══ Material provided ══
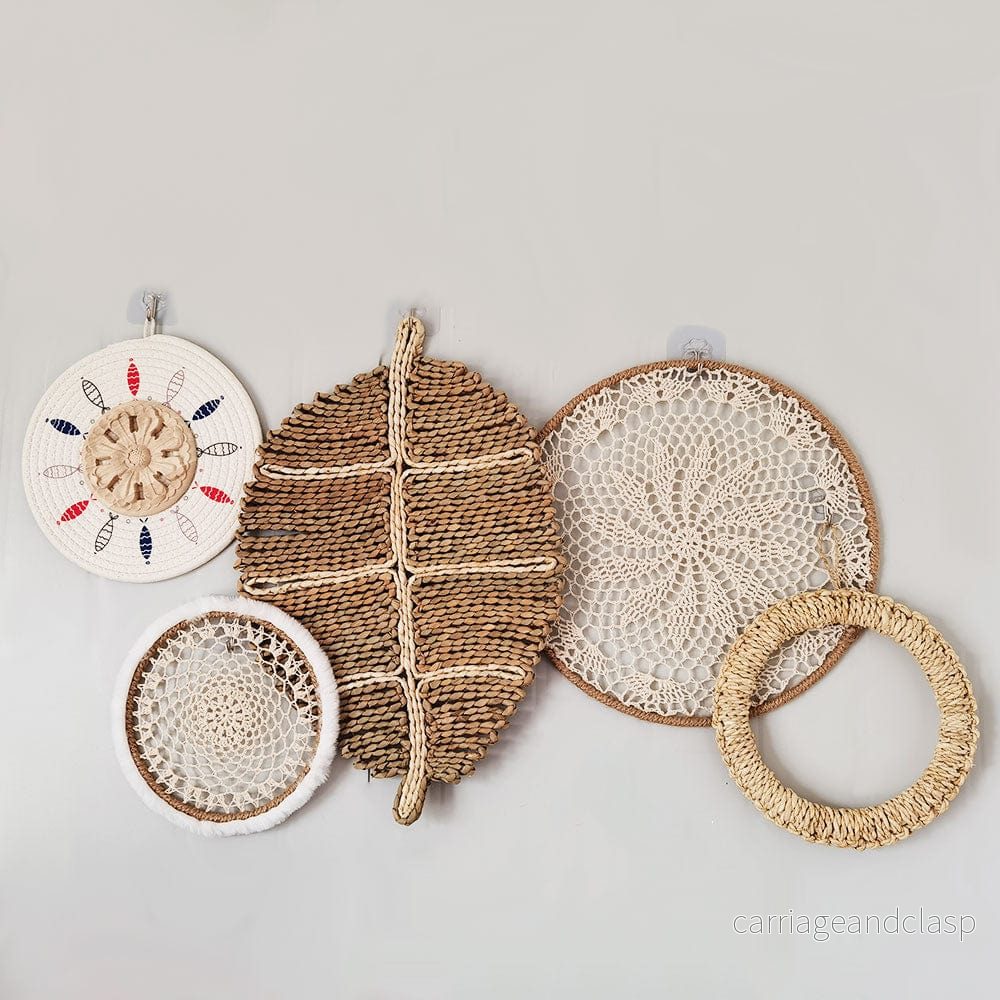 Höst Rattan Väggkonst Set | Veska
═══
══ Material provided ══
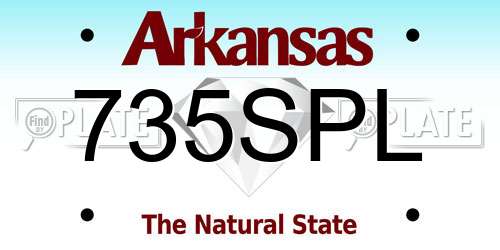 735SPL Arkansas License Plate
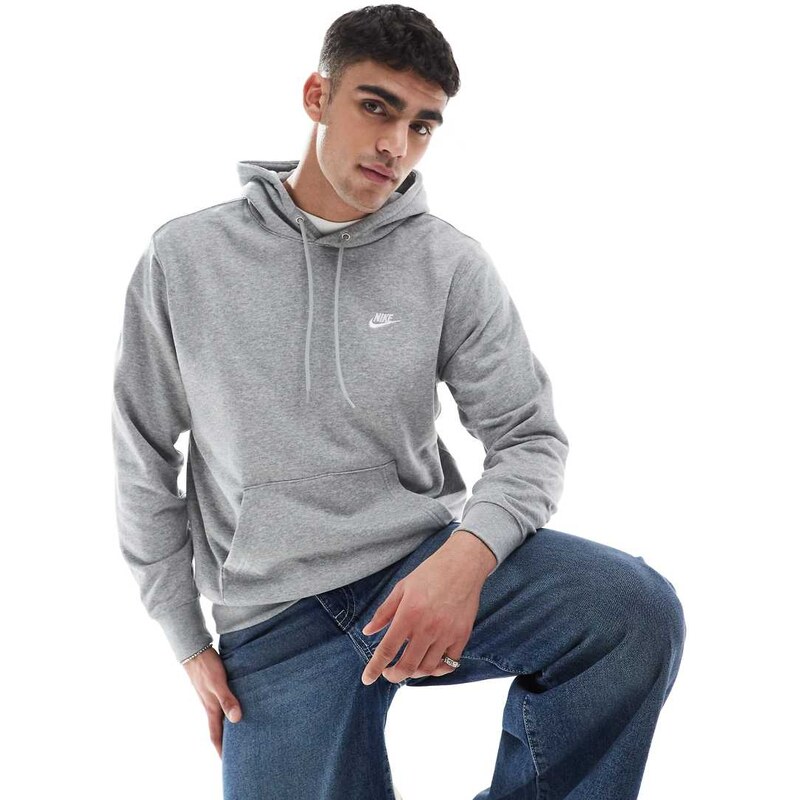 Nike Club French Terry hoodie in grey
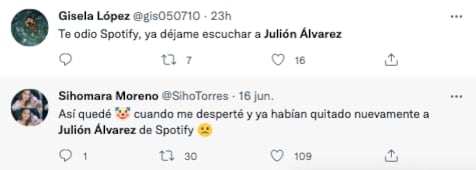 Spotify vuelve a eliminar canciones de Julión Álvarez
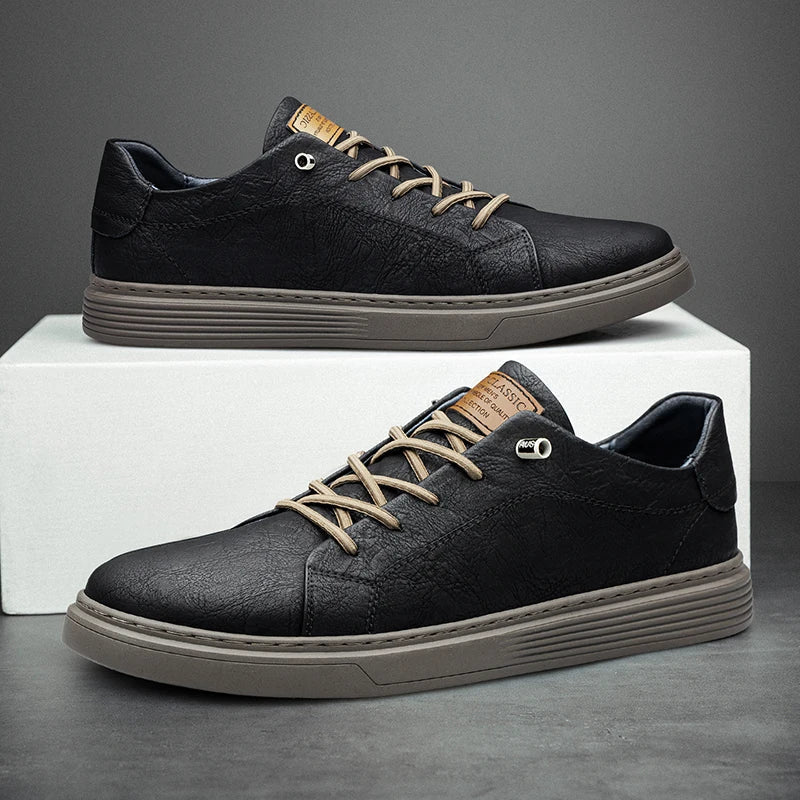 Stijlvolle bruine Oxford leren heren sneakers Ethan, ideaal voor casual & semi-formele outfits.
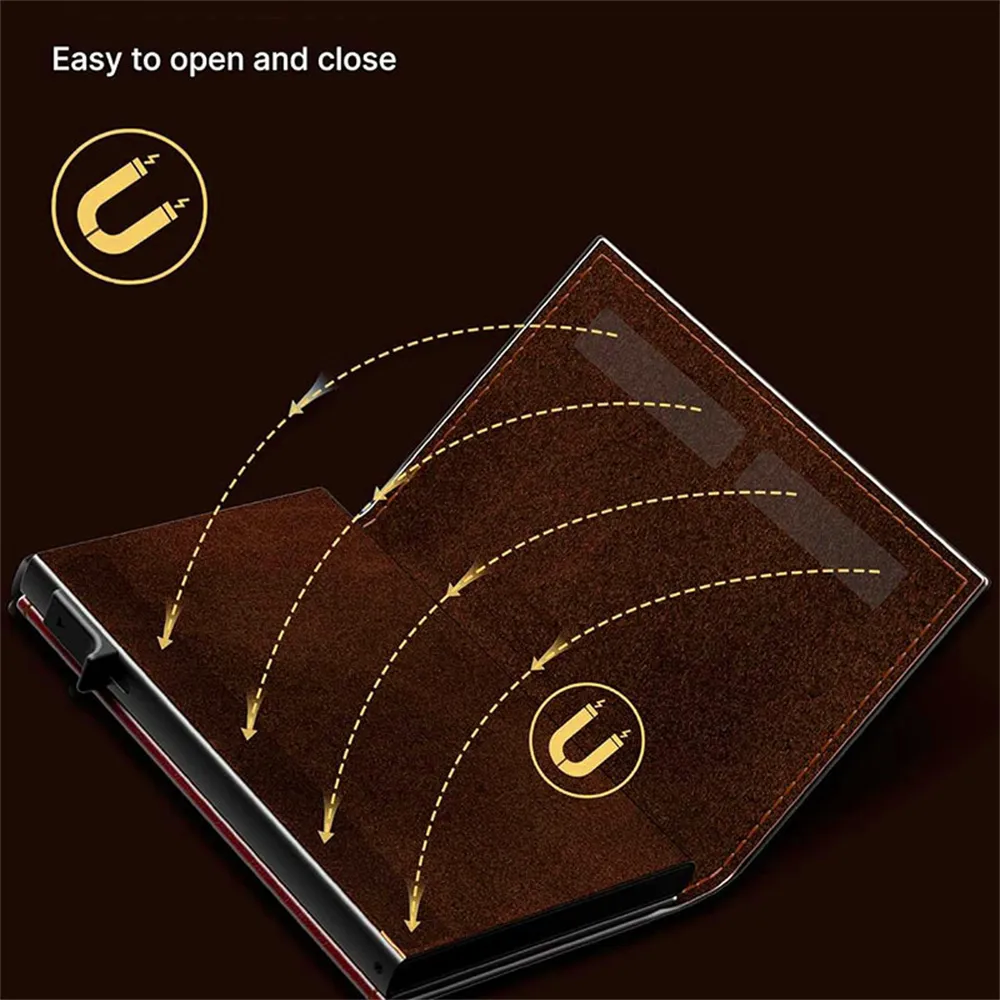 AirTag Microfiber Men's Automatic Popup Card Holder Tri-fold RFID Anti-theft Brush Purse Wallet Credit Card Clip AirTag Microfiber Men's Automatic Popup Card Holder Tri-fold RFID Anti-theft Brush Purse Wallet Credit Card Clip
═══
══ Material provided ══
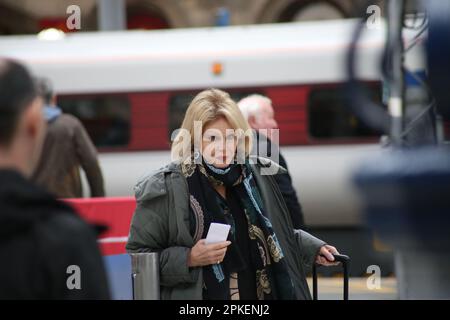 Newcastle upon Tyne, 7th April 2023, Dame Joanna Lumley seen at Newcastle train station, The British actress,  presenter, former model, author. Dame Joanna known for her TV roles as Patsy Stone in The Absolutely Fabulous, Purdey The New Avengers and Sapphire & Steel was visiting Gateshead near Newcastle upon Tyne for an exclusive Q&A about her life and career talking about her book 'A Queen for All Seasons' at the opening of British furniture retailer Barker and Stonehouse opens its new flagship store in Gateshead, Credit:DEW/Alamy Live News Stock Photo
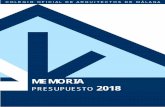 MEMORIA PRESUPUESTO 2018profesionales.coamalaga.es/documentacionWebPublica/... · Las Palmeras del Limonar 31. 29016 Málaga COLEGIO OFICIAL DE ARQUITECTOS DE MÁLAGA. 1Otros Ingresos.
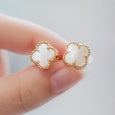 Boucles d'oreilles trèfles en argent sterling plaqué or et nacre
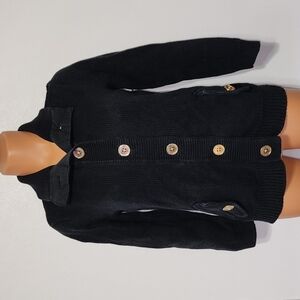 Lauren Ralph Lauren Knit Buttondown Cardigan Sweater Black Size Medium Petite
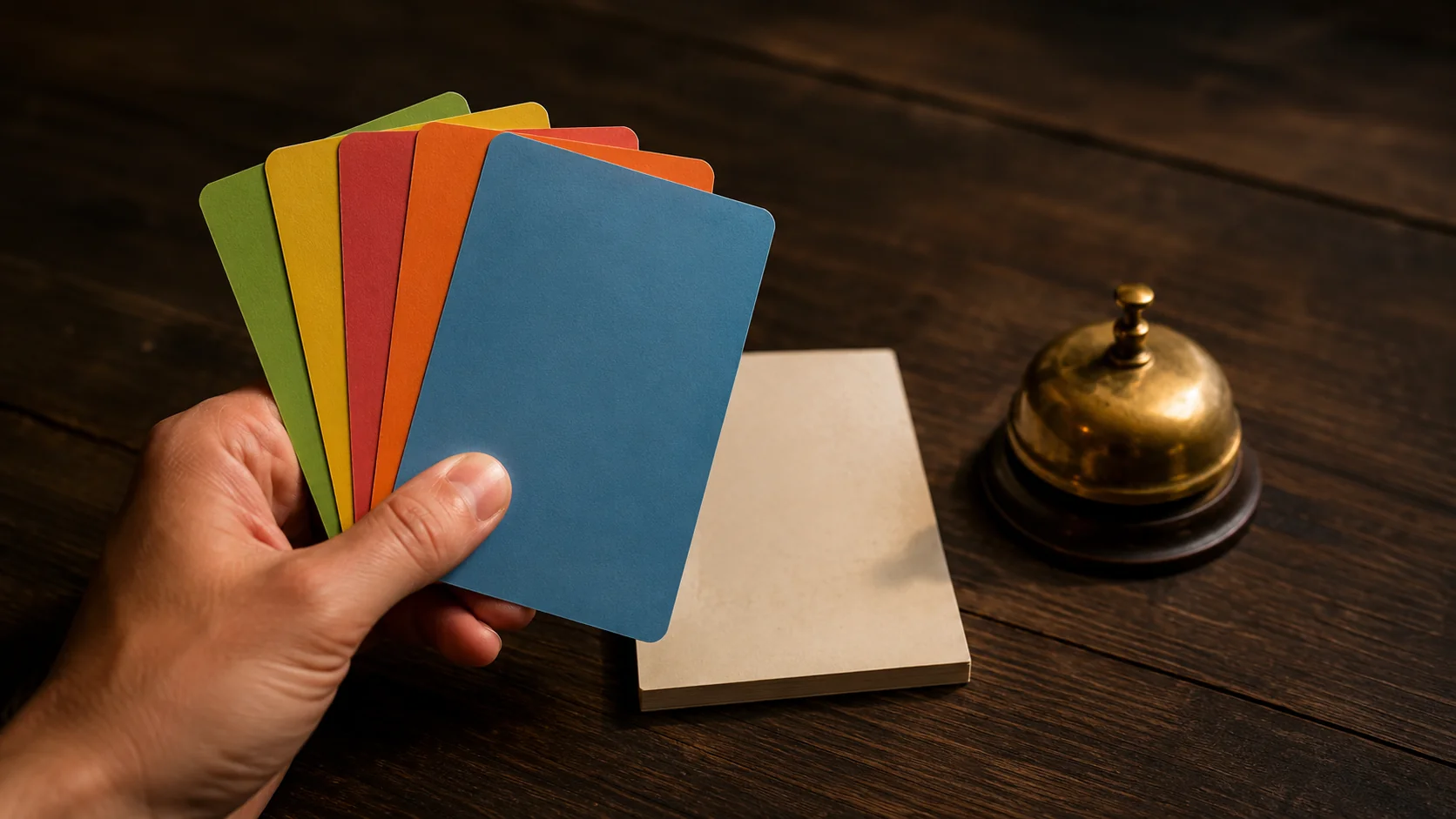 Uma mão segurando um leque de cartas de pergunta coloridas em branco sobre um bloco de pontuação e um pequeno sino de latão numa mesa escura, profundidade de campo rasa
═══
## Work instruction
Beginning at the line that has "Boucles d'oreilles trèfles" and ending at the line that has "Uma mão segurando", restate the listing above word for word, pictures left out.

## Output for this task
 Boucles d'oreilles trèfles en argent sterling plaqué or et nacre
 Lauren Ralph Lauren Knit Buttondown Cardigan Sweater Black Size Medium Petite
 Uma mão segurando um leque de cartas de pergunta coloridas em branco sobre um bloco de pontuação e um pequeno sino de latão numa mesa escura, profundidade de campo rasa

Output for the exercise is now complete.